## [YOUR INSTRUCTIONS]
Write out all the entries word for word, but skip any images.

:::::

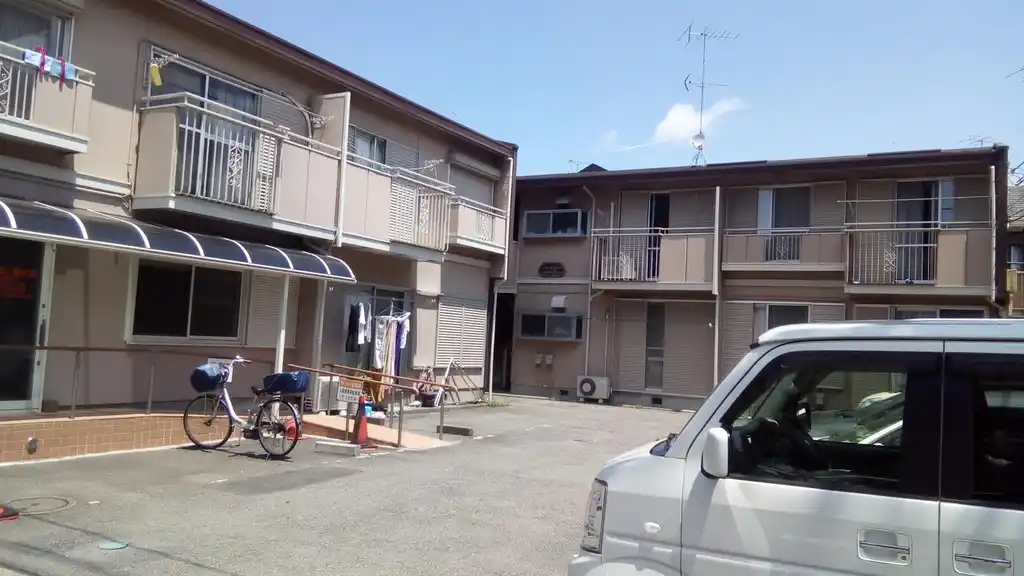 ハイツグリーンパークB 外観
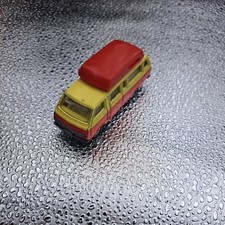 Rare Authentic Tomica Toyota Hiace Commuter Camper Van - Vintage Diecast Toy picture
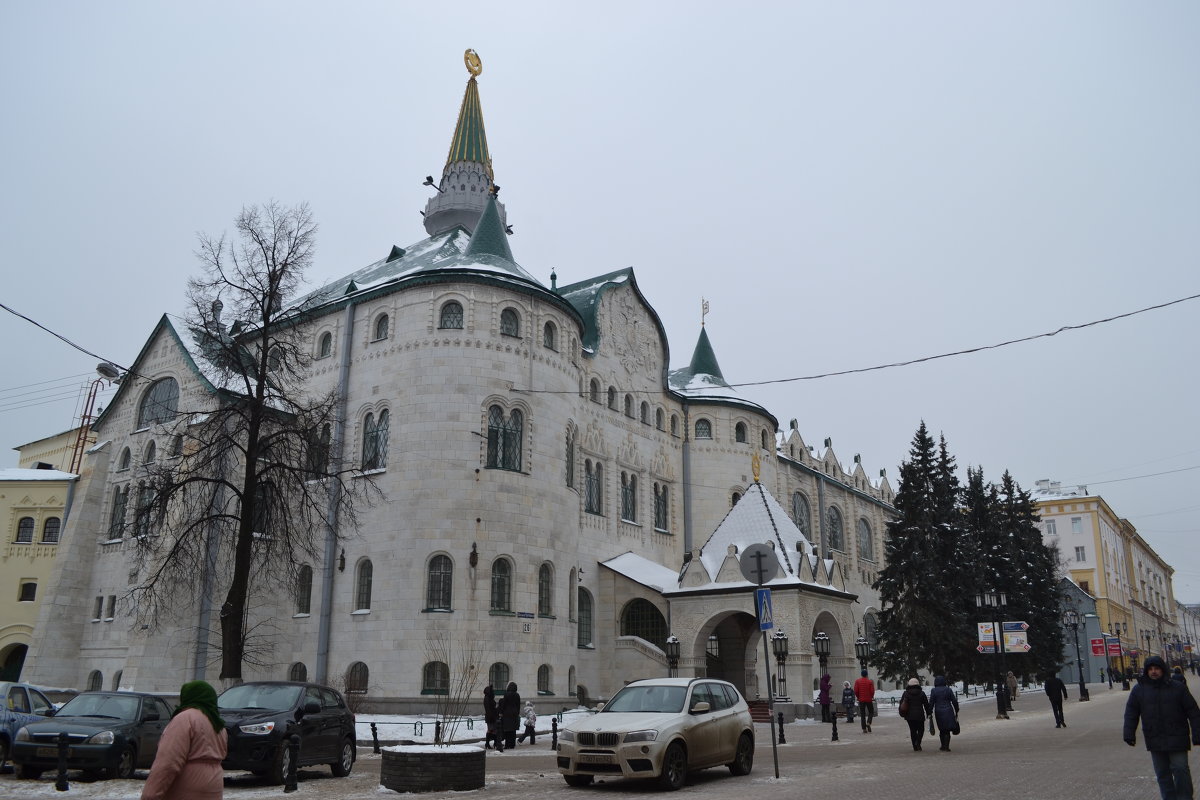 Прогулки по Н-Новгороду - Ирина 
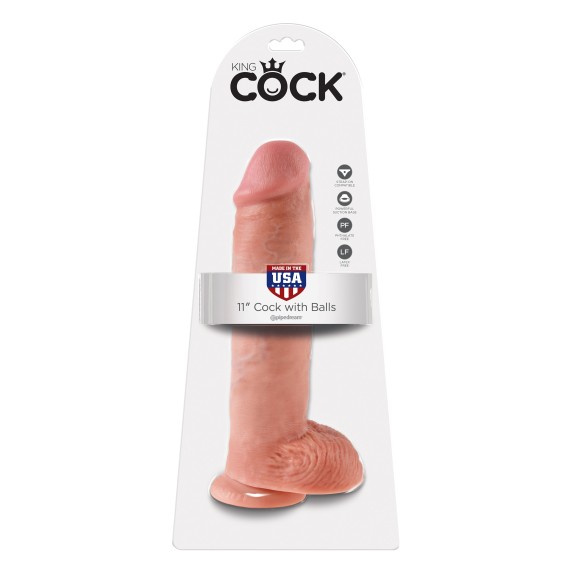 FALLO DILDO REALISTICO GRANDE SEX TOY CM. 29 KING COCK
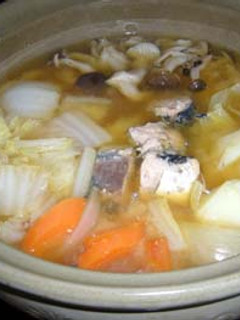 鯖缶のピンチ鍋-レシピのメイン写真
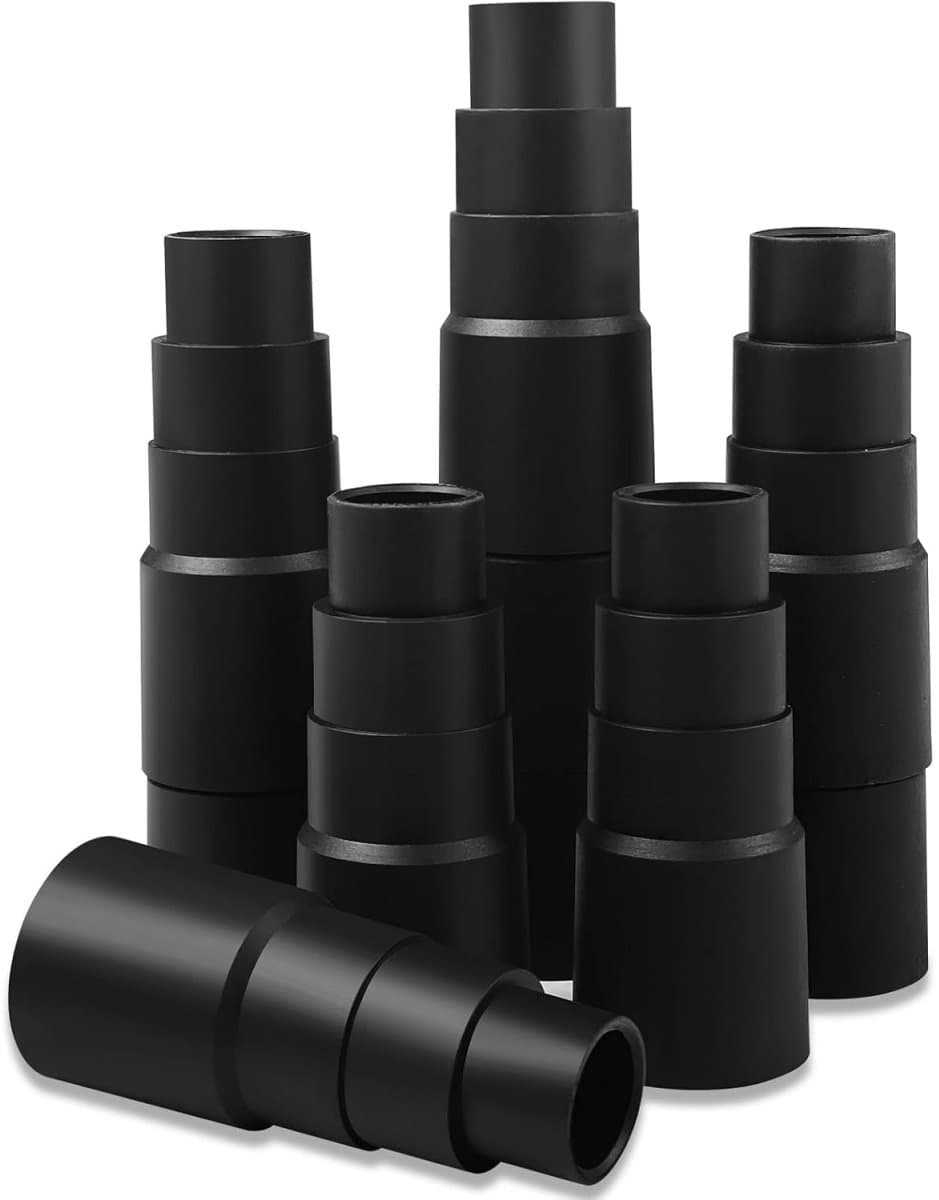 EXCITAT 6 stuks - Slang - Stofzuigeradapter - Stofzuigerslang - Slangadapter - Geschikt voor de meeste stofzuigers — afbeelding 1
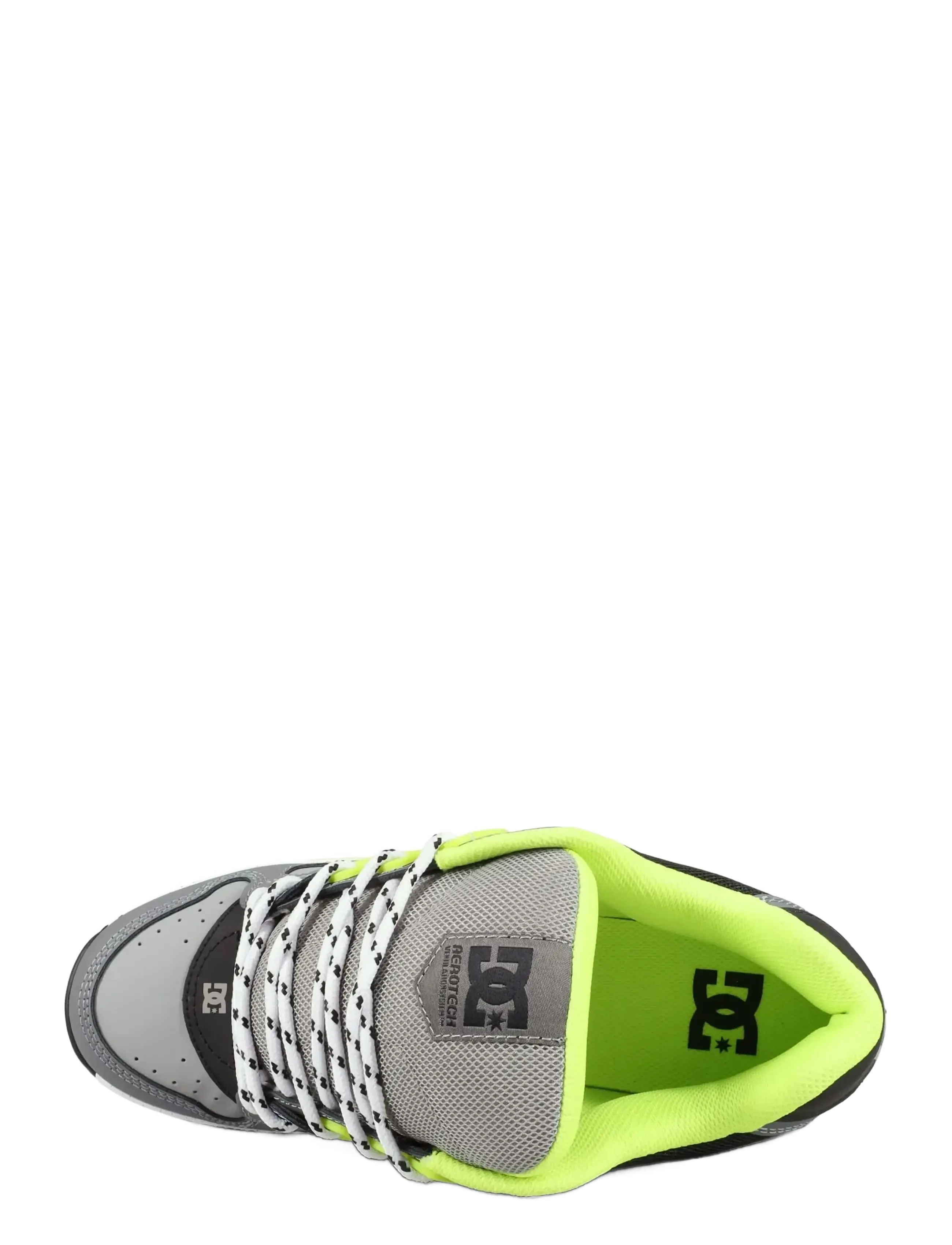 DC - AT-2 - sneakers - grey/black/lime - 3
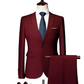 ✨👔50 % DE RÉDUCTION + LIVRAISON GRATUITE 💼Costume deux pièces pour homme, coupe moderne – Respirant, infroissable et style professionnel ✨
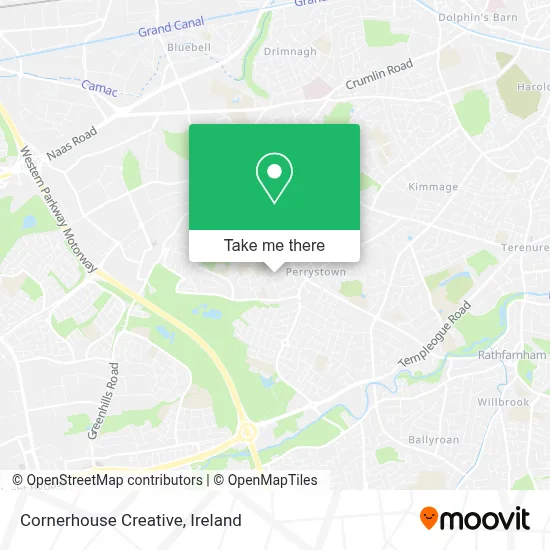 Cornerhouse Creative map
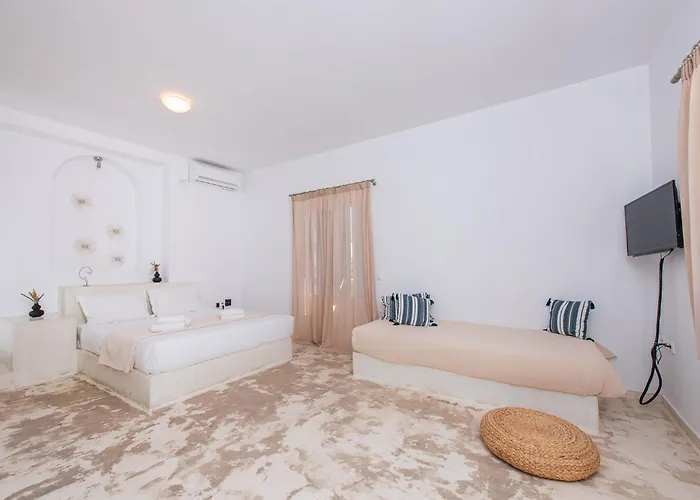 Golden Sunrise In Santorini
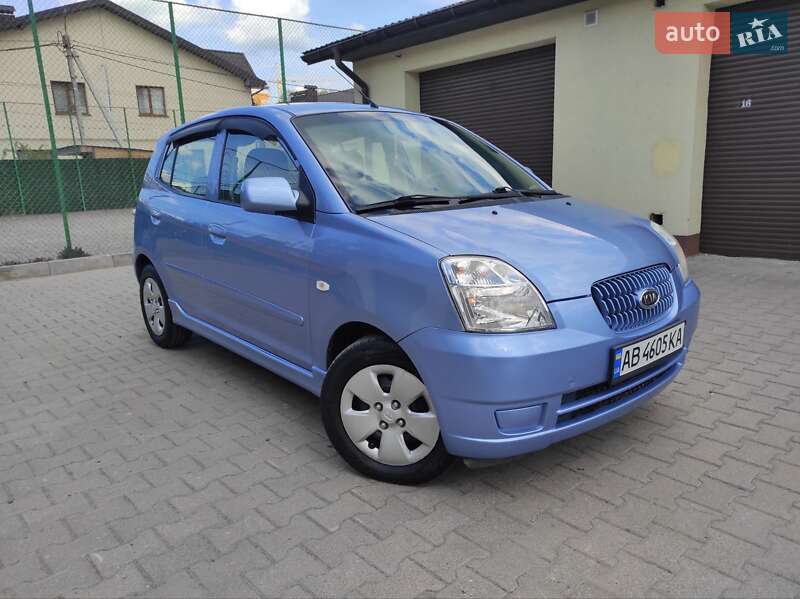 Kia Picanto (2007)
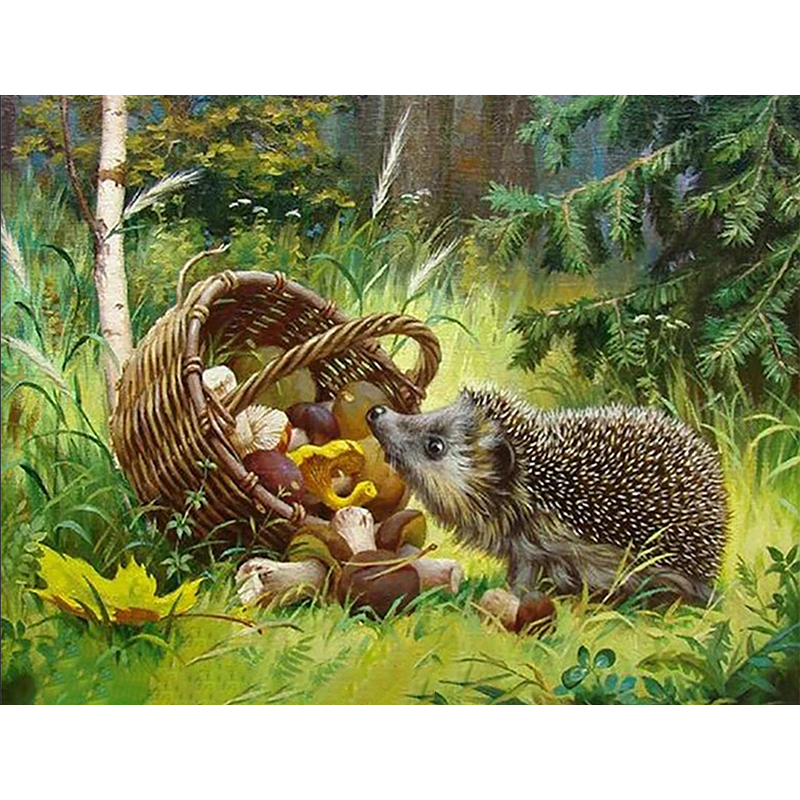 Igel | Diamond Painting - Myth Of Asia Deutschland
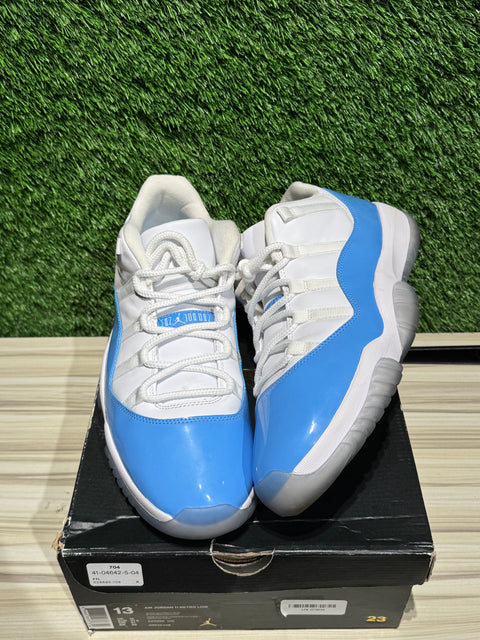 Jordan 11 Retro Low University Blue (2017) Sz 13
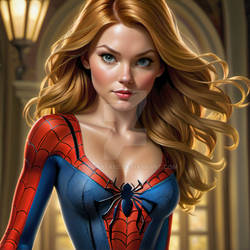 16SEPT23 MJ as Spiderwoman (1)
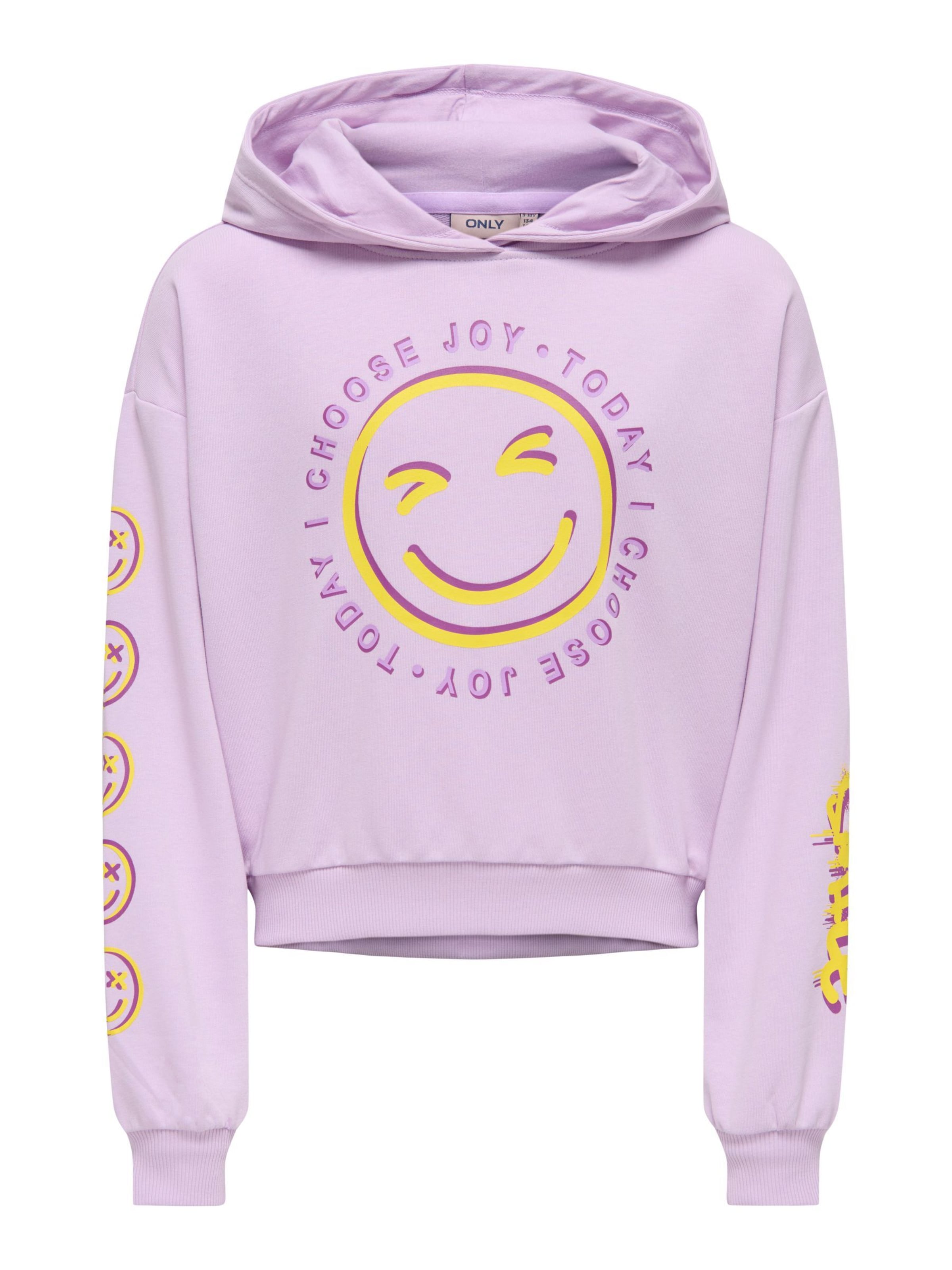 ONLY GIRLS Sweater in Light purple, Item view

:::::

## [YOUR SOLUTION]
 ハイツグリーンパークB 外観
 Rare Authentic Tomica Toyota Hiace Commuter Camper Van - Vintage Diecast Toy picture
 Прогулки по Н-Новгороду - Ирина 
 FALLO DILDO REALISTICO GRANDE SEX TOY CM. 29 KING COCK
 鯖缶のピンチ鍋-レシピのメイン写真
 EXCITAT 6 stuks - Slang - Stofzuigeradapter - Stofzuigerslang - Slangadapter - Geschikt voor de meeste stofzuigers — afbeelding 1
 DC - AT-2 - sneakers - grey/black/lime - 3
 ✨👔50 % DE RÉDUCTION + LIVRAISON GRATUITE 💼Costume deux pièces pour homme, coupe moderne – Respirant, infroissable et style professionnel ✨
 Cornerhouse Creative map
 Golden Sunrise In Santorini
 Kia Picanto (2007)
 Igel | Diamond Painting - Myth Of Asia Deutschland
 Jordan 11 Retro Low University Blue (2017) Sz 13
 16SEPT23 MJ as Spiderwoman (1)
 ONLY GIRLS Sweater in Light purple, Item view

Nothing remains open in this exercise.